[Exercise goal] Starting at the line below that contains "Fossil CH2600 Men's" and ending at the line that contains "canopy & supports. 8-Feb-2000", retype each line exactly as it stands, but omit the pictures.

[Available data]
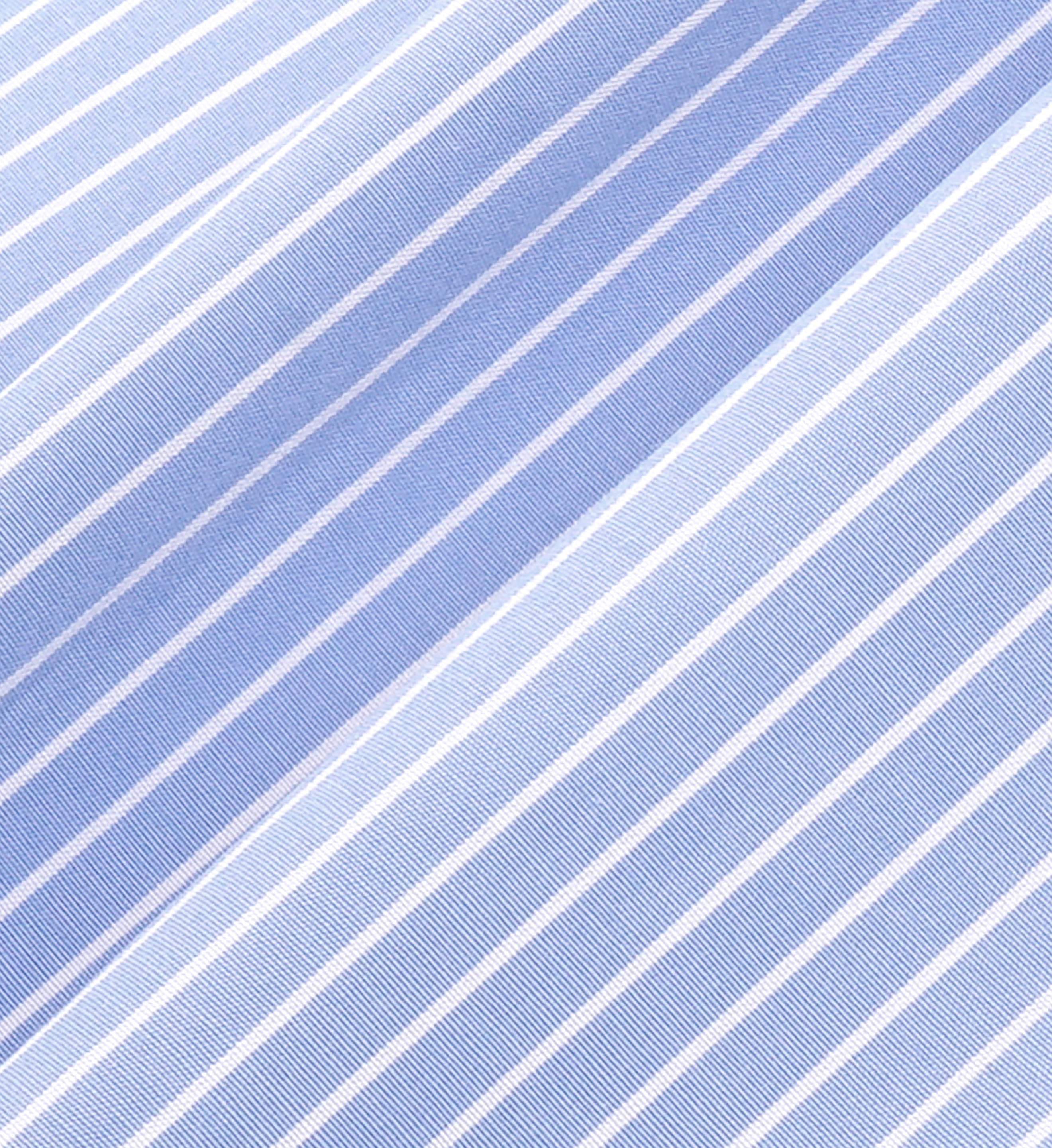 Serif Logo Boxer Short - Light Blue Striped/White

==

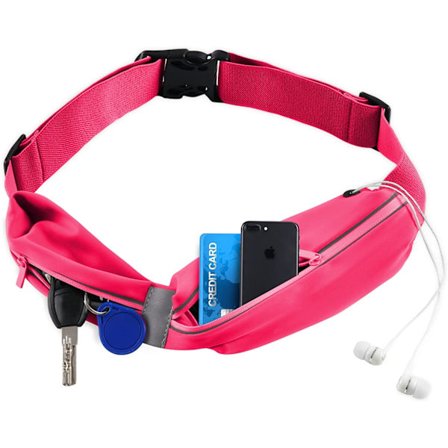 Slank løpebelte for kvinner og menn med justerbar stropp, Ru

...

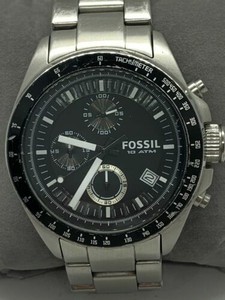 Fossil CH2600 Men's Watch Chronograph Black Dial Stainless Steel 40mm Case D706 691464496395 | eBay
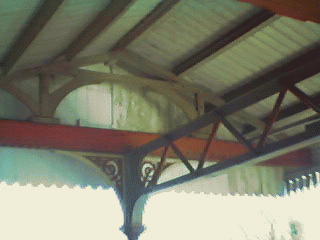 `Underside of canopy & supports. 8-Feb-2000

[Task answer]
 Fossil CH2600 Men's Watch Chronograph Black Dial Stainless Steel 40mm Case D706 691464496395 | eBay
 `Underside of canopy & supports. 8-Feb-2000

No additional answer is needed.